Types of international funds

Just like there are different mutual funds in India, you will also find different types of international funds. These include the following –

  1. Global funds: Such funds park their money in countries across the world, based on the underlying mandate that the scheme follows.
  2. Global sector funds: Such funds invest in specific sectors, on a global scale. For instance, you can invest in the global renewable energy sector through global sector funds.
  3. Country funds: These international funds park their money in stocks listed in specific countries, like companies in US, China, etc.
  4. Regional funds: Such international funds invest in specific geographic regions, like Europe, Asia, etc.

Based on your investor profile, you can invest in any of these international funds.

     Benefits of investing in international funds

There are many benefits of international investing. Let us take a look at these benefits –

  1. Geographical diversification: Investing in international funds offers you the ability to diversify on a geographical level, helping you safeguard against geopolitical volatility in the domestic market. Optimal diversification involves asset allocation across different geographies poised for a strong showing in the future.
  2. Opportunity for growth: When you invest in international funds, you have the opportunity to participate in the growth of more than one equity market since you stand to benefit from the rise of global companies that you believe in. If you are a customer to the MANGA (Meta, Amazon, Netflix, Google, and Apple) companies, it is but obvious that you should stand to benefit from the profits earned by these global giants and international funds allow you the ability to do the same.
  3. Currency benefit: International fund investments help you enjoy currency benefit when the dollar rises in value against the rupee, acting as a hedge against domestic currency devaluation.
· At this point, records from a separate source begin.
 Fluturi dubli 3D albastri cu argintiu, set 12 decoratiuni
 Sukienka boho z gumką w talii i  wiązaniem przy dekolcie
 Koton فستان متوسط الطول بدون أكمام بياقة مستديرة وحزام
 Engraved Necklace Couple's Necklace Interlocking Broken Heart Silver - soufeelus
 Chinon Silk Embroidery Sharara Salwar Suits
This is because your investment would be in dollars.
  4. Excellent management: Access to professional and experienced management services for your international portfolio is another benefit of international investing. If you try to invest on your own, you may end up making mistakes but international funds bring you an easy way to invest in foreign markets.
  5. Liquidity and convenience: International investing offers you the option of investing in a highly liquid asset category known to offer historically strong returns and that too, in an extremely convenient manner.
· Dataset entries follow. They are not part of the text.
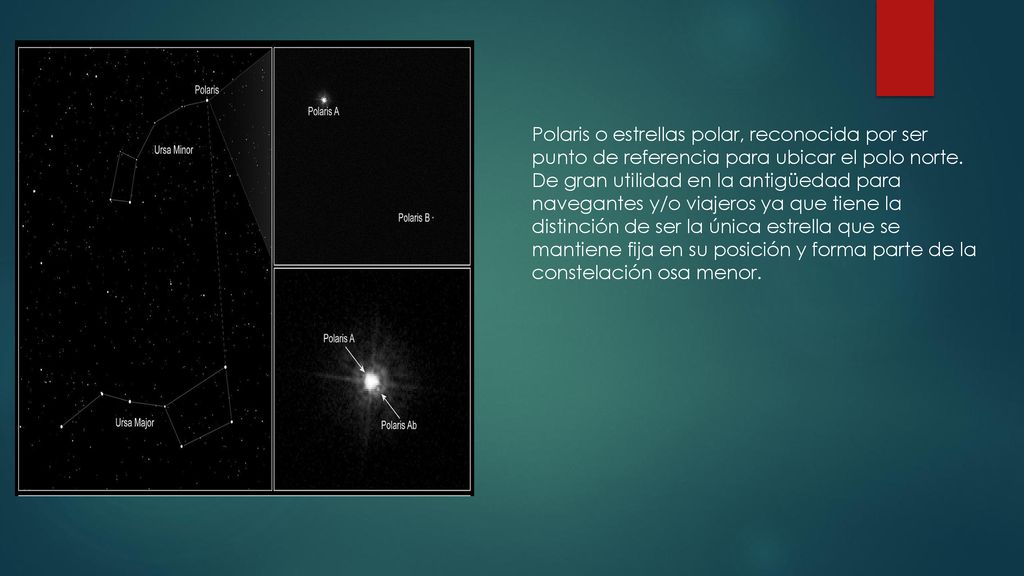 Polaris o estrellas polar, reconocida por ser punto de referencia para ubicar el polo norte.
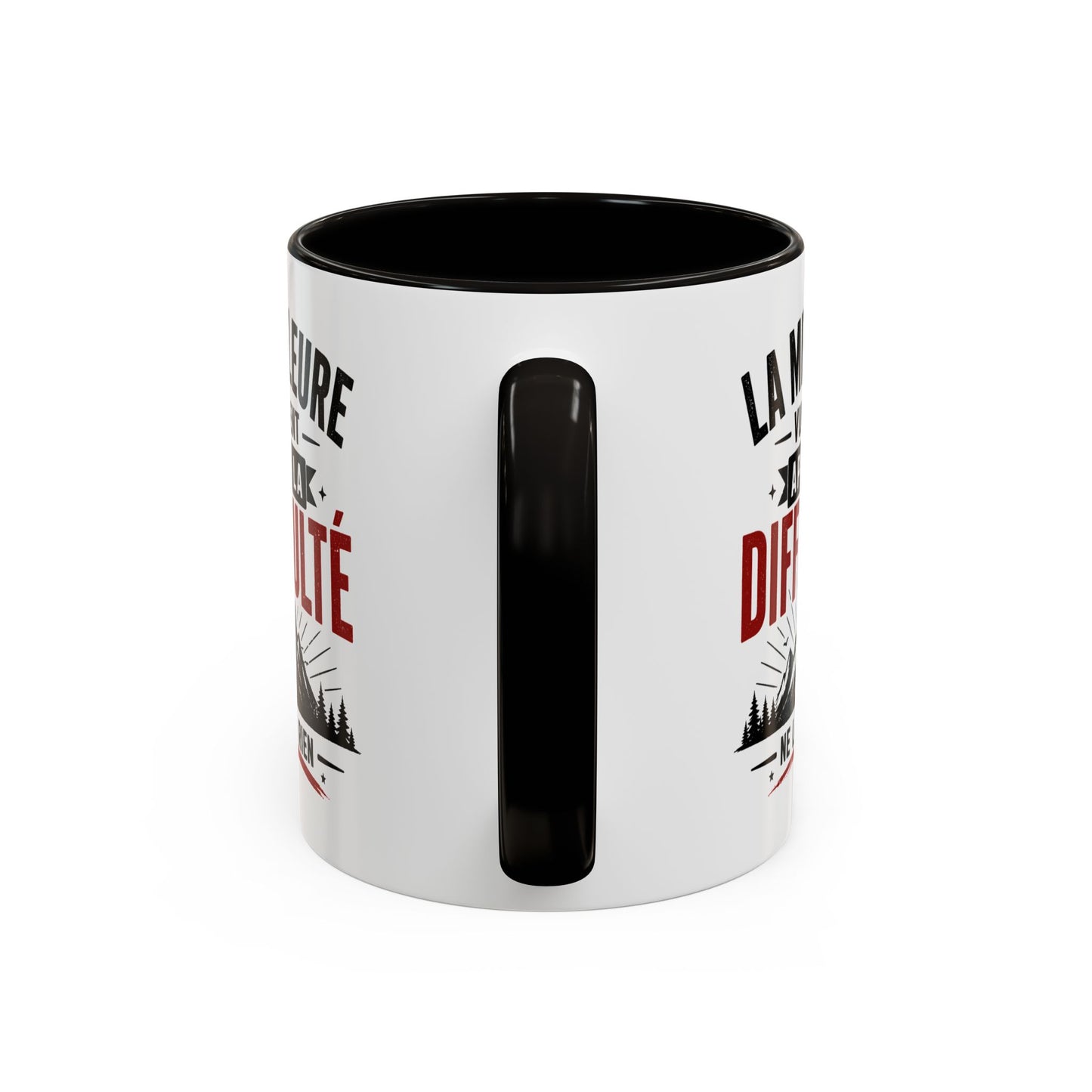 Mug Citation Motivation – La Meilleure Vue Vient Après la Difficulté – Cadeau Inspirant Sport Dépassement de Soi 325ml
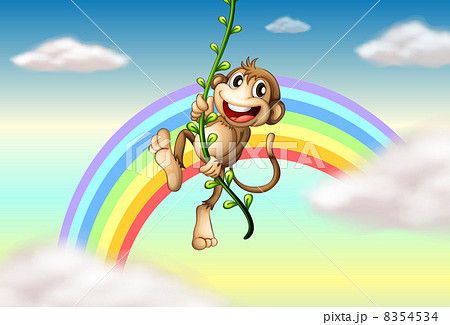 A monkey hanging on a vine plant near the rainbow 8354534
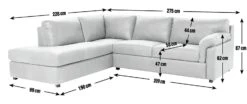 Habitat Florence Leather Left Hand Corner Chaise Sofa - Tan -Habitat 9578746 R E001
Factors to consider before investing

One of the biggest factors to consider before investing in international funds is your investor profile and portfolio. If you are a beginner who is yet to build a substantial domestic portfolio, then it is advisable that you wait before dipping your toes in the international market. Further, you should consider your risk profile as well as investment horizon before investing in international funds.

In conclusion, these funds are known to be risky and tend to offer strong returns over the longer term so ensure that you are willing to face an amount of risk and stay committed for at least three to five years. Once you assess these factors and decide on the way forward, you can easily pick the best international fund to start investing in and enjoy the benefits of international investing.